As we waited to be locked away there, activists Annie Carrion Romero, Milagros Leyva Ramirez, and Lewis Fajardo showed up to check on us and they were quickly detained. After keeping them for a few hours, the women were sent off to Mayari and the man dropped off in Cueto.

The food was more of the same: an acid and foul smelling ground beef, a transparent water with some noodles floating in it, rice with rocks and other pieces of trash, and a piece of a viand.

Among the detainees that I was sharing a cell with, there were two young men accused of killing and selling a cow. Those in another cell nearby mine had been caught in the illegal game of ‘lottery’, known as ‘La Bolita’, and I saw others who had been stripped of their conditional freedom for not working- they owed fines they could not afford or had bought some item of suspicious origin.

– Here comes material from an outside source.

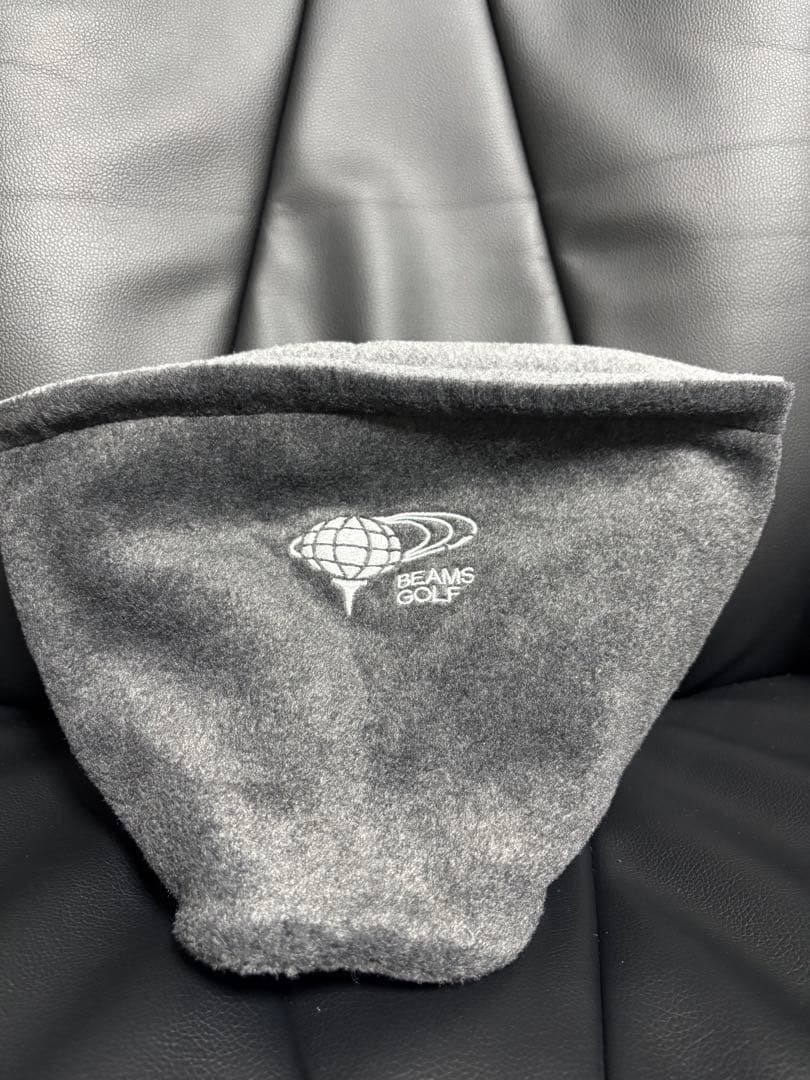 新品未使用 ビームスゴルフ ネックウォーマー スヌード ネック＆イヤー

The chief of that Unit, Major Claudio Zaldivar Matos, a thug who is well known in Moa for his aggressiveness towards detainees and even his proper men, put on a show of ‘toughness’ so that I would get off the bunk bed and get in the line of prisoners who were to be inspected on that morning. The intervention of another police official kept him from beating me as he had promised, though we were able to exchange a few words: he stated that he did not care that I was a peaceful dissident and I assured him that they were all violators and that I did not follow orders, much less from soldiers.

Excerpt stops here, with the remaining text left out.